What's caused Warriors' slow start and why it should come as no surprise

It’s much too early to get legitimately nervous, much less start tumbling into a panic.

The Warriors are going to be fine.

Eventually.

They most certainly are not yet what they will become in about two weeks, when they settle in for a four-game homestand that begins Nov. 6. That’s 10 games into the season, and it’s conceivable the Warriors might be 6-4.

After a 111-101 loss to the ever-tenacious Grizzlies on Saturday in Memphis, the Warriors are 1-2 and, by their lofty standard, looking about as lost as a stray cat in a hurricane.

“We’re obviously not ready. We knew that,” coach Steve Kerr said. “We’re not ready to put together a full effort. And I’m not doing a great job of putting together combinations, finding the right motivation to get guys going, to get some joy and laughter in here.

“It’s just one of those rough patches. And, hopefully, we can climb our way out of it. I’m sure we will. It may take some time.”

It will take some time, and of that there is plenty.

Do not blame this lull entirely on China, not when there is so much more. The Warriors are coming off their third consecutive prolonged season, this one followed by the training camp disruption caused by spending eight days in Oakland, eight days in China, followed by eight days in Oakland leading up to opening night.

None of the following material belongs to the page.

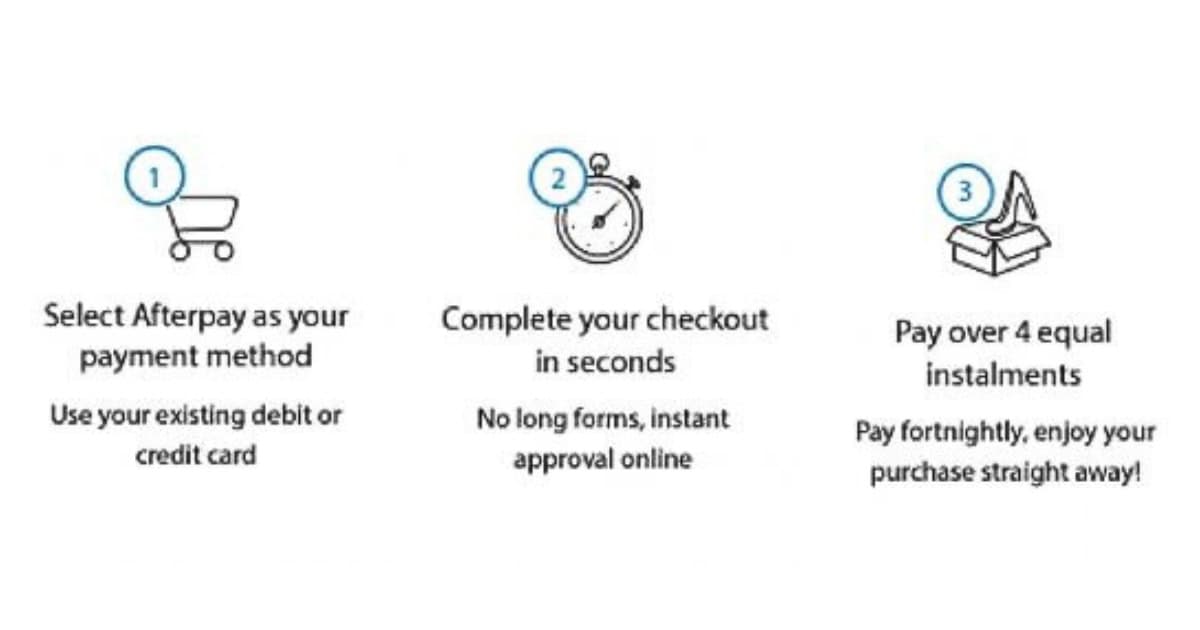 Select afterpay as your payment method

It’s easy to see the timing is off on an offense that relies on precision. The spacing is off on an offense that requires room to operate. The energy is lacking on a defense that lapses into ordinary without its bedrock intensity. Both body and spirit appear less than peak.

“We’ve been playing hard,” Kevin Durant told reporters at FedEx Forum, “but I think we’ve got to take it up a level.

“We’ll be fine. It’s 79 more games left. I’m sure we’ll figure it out.”

Understand, a team that won an NBA-best 67 games last season and posted a league-record 16-1 postseason doesn’t lose it because opponents load up. When the Warriors are on their game, opponents don’t matter.

For now, though, there is an individual listlessness that results in collective slumber. Stephen Curry has gambled himself in foul trouble in both losses and was booted in Memphis. Andre Iguodala missed an entire game and Draymond Green missed the fourth quarter of the first loss, a game in which the Warriors gave up a 13-point lead over the final 12 minutes.

And Durant’s 4.6 blocks per game is impressive. It also happens to be offset by his 6.3 turnovers per game.

“That’s on me,” he said. “I’m turning the ball over at a high rate right now. I’m really pissed at myself about it. I’ve just got to hold on to the ball. Just make the correct pass. I think I’m just rushing. I just need to calm down, settle down, and that would ignite the whole team. But if I turn the ball over, that’s contagious.”

The Rockets turned 17 Warriors giveaways into 21 points. The Pelicans turned 14 into 20. The Grizzlies turned 17 into 24.

Asked what has to change, Klay Thompson went to exactly the right place, saying “probably our defensive intensity from the jump.”

That’s where it starts, at least on the court. Meanwhile, there is more video work, more group texts about details and the need for more time for their bodies and minds to become one.

“We’ll be better,” Durant said. “We’re still finding a groove with each other. We’re still getting back into shape as far as playing our game, the flow, just the reads off not calling plays. We’ve got to get used to that again.”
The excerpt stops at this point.